Intitulé "Carnet de bord", le deuxième segment, d’une vingtaine de minutes, suit une tournée de la compagnie en Italie et en Norvège en 1992. Là encore, Patrick Viret évite à la fois le théâtre filmé et le « making-of » classique. S’enchaînent donc des images de préparations techniques, de voyage, ou de moments de vie quotidienne, le tout avec une narration assez monocorde du journal du comédien Jean Rochereau qui alterne réflexions théoriques sur le théâtre ou l’image, et anecdotes futiles illustrées par des plans qui le sont parfois tout autant. On ne sait sur quel pied danser : doit-on être fasciné ou frustré ? Doit-on trouver cela créatif ou simpliste ? Prétentieux ou absurde ? Décousu ou digne d’un cadavre exquis surréaliste ? Banal ou banalyste ? Le sens nous échappe régulièrement, le décalage entre le son et l’image intrigue, et on décèle parfois d’étonnants échos, comme lorsqu’une séquence montre la troupe déplaçant la table de leur repas à cause d’un orage, avant qu’un extrait de mise en scène ne nous montre une comédienne se tenant debout sur une table que d’autres interprètes portent et font pivoter.

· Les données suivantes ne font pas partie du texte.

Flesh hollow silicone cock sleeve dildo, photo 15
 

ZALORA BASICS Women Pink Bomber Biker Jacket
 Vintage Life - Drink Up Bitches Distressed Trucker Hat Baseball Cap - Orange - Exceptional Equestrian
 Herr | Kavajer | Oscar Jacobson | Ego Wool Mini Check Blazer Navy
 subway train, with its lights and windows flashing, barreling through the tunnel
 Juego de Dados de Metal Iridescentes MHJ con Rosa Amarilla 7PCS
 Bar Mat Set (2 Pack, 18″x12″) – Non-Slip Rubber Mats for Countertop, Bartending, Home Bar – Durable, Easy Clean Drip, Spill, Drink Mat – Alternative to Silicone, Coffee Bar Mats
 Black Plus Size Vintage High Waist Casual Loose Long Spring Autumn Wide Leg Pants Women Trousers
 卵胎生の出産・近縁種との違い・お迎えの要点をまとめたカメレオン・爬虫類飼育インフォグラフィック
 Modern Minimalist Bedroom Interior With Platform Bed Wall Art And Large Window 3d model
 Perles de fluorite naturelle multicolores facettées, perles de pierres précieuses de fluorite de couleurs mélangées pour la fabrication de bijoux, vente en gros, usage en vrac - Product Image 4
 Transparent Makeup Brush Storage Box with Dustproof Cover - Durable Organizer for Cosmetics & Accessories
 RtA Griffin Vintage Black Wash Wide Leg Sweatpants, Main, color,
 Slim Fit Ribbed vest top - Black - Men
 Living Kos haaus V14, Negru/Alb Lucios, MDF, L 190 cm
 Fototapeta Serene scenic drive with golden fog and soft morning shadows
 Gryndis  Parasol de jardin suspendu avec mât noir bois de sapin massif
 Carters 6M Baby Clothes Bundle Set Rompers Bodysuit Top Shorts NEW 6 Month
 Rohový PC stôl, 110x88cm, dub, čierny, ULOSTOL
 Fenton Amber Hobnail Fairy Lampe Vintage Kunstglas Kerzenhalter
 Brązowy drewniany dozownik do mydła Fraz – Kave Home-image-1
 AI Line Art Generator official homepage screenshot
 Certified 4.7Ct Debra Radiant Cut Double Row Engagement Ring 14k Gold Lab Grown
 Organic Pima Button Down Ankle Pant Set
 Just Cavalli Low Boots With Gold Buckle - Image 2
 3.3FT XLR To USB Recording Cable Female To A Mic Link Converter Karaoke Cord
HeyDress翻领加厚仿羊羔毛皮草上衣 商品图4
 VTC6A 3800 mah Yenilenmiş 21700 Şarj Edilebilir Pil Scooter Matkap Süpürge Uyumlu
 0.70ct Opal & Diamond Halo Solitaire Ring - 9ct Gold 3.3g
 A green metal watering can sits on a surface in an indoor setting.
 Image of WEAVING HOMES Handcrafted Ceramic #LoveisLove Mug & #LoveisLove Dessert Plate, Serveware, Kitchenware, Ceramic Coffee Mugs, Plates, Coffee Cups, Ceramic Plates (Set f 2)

La troisième et dernière partie (la plus longue) est titrée "Soubresaut", d’après la pièce homonyme dont Patrick Viret a suivi la création à partir de 2016. Toujours avare d’indications, le réalisateur continue de bouleverser nos repères : est-on dans la captation ou assiste-t-on à des répétitions ? La mise en abyme du texte contribue à brouiller les pistes. Mais finalement, Patrick Viret compile bel et bien des séquences de répétitions, bénéficiant de plusieurs angles qui concourent à donner un nouveau regard sur l’espace scénique. S’il revient à une forme un peu plus habituelle de making-of (en cela qu’il filme les coulisses et la création en train de se faire), cela rend toutefois le film plus « utile » dans le sens où l’on perçoit mieux le travail réel de la troupe et notamment celui de François Tanguy, le metteur en scène du Radeau, qui donne ça et là ses indications aux comédiens.
Si la forme de ce documentaire peut laisser perplexe, il a au moins le mérite d’éveiller la curiosité chez le spectateur qui, s’il s’intéresse un tant soit peu au théâtre, éprouve le désir de découvrir in situ le travail de François Tanguy et du Théâtre du Radeau.